# ASE databases

**ase-db: A database for ASE calculations**

The ase database features offer a powerful way to explore and manage batches of calculations. It can be very convenient to parse a number of output files, scattered across a directory structure, to form a single file with all the useful data. 

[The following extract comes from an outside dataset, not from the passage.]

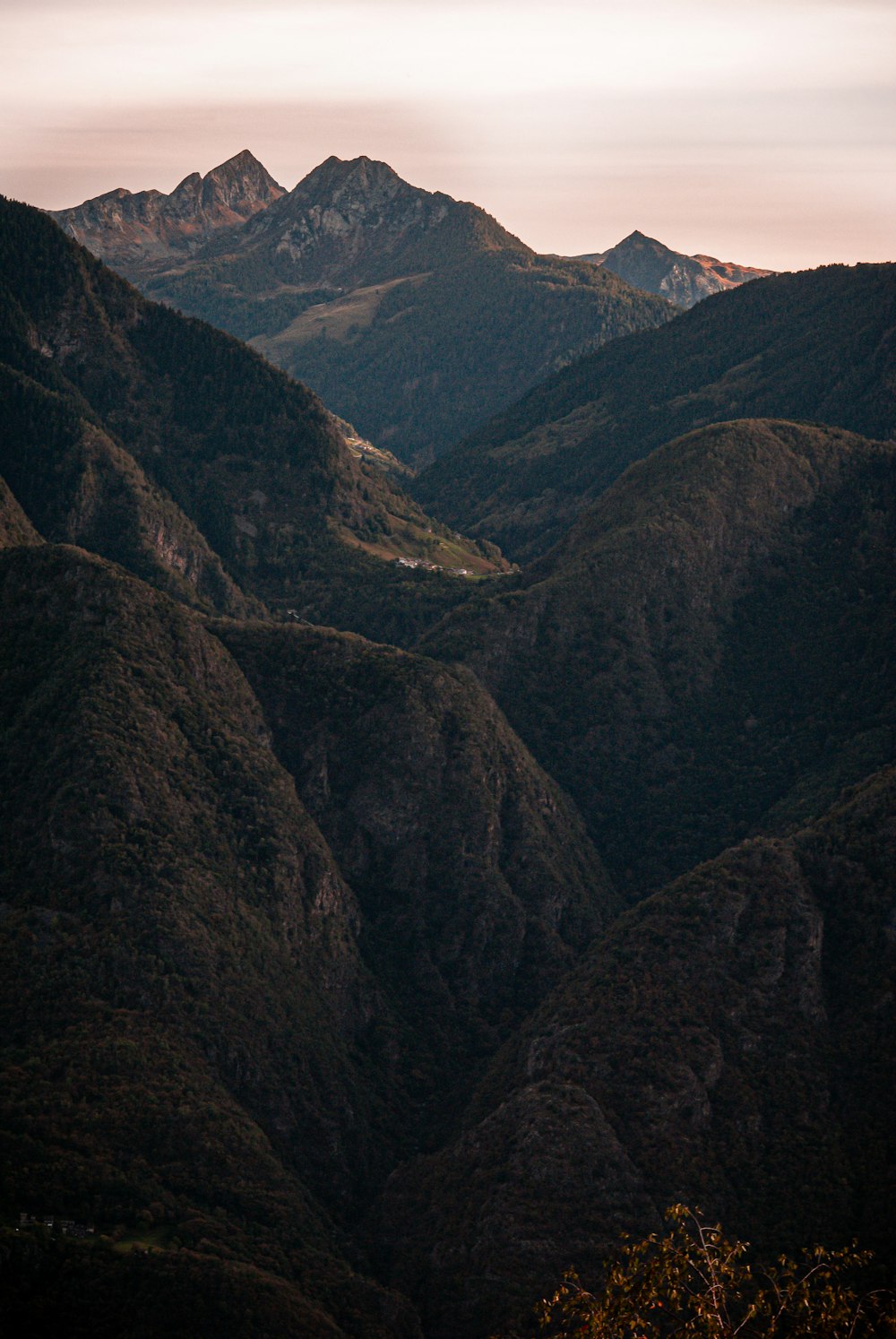 a view of a valley with mountains in the background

**ASE supports three backends:**
    
* SQLite3 is fully-featured relational database system which stores databases in local files. It's fast and widely-used for data serialisation in software. The file format is binary. You can inspect and modify ASE-generated SQLite3 files with regular sqlite3 tools, but some parameters (e.g. atomic positions) are stored as binary blobs.
* JSON is a simple text-based format for data serialisation. This can be a good choice for long-term archiving and publication support. It will always be readable, but it's human-friendliness is overrated...
* PostgreSQL is a more traditional server-hosted relational database system. This might be suitable for a group sharing data, but the configuration is correspondingly more complex.

**Resources:**
* For a more exhaustive overview see official ASE tutorial: https://wiki.fysik.dtu.dk/ase/ase/db/db.html#querying
* Nice notebook with an overview of the topic, though it uses old python 2 syntax: https://github.com/WMD-group/ASE-Tutorials/blob/master/ase-db/ase-db.ipynb
* ASE example of incorporating databases into the workflow: https://wiki.fysik.dtu.dk/ase/ase/db/db.html?highlight=database - sqlite3 library might not be readily available on all python versions on the supercomputers! (e.g. HAWK has that issue)
* Server side databases using ASE db: https://ase-workshop.materialsmodeling.org/assets/talks/kirsten-t-winther.pdf


Let's create some toy models:

In [1]:
from ase.db import connect
from ase.build import molecule
from ase.calculators.emt import EMT
import numpy as np

H2 = molecule("H2")
CO2 = molecule("CO2")
O2 = molecule("O2")

# Make the toy models more realistic, attach calculators and calculate energy
for i in [H2, CO2, O2]:
    i.calc = EMT()
    i.get_potential_energy()


In [2]:
# By default you are appending entries to the database
# we use the append=False key for the purpose of this example
# to avoid duplicated entries in the database

# by using with connect(...) we can add all relevant entries 
# and only access the file once, we avoid IO overhead
with connect("test_database.db", append=False) as db:
    # we can add keys with single value or dictionaries after the Atoms object
    db.write(H2, comment="hydrogen",
             data={'HH_distance':np.linalg.norm(H2[0].position-H2[1].position),
                   'initial_structure':molecule("H2")})
    db.write(CO2, comment="carbon dioxide")
    db.write(O2, comment="oxygen")

Extracting information from the database

In [3]:
# the database can be used using the ase.io.read parser as well
# once can also visualize the database using ASE GUI using the same syntax
from ase.io import read
atoms = read("test_database.db@comment=oxygen")
print("Oxygen", atoms)

# Find all entries containing oxygen (oxygen > 0)
atoms_list = read("test_database.db@O>0")
print("Oxygen containing species", atoms_list)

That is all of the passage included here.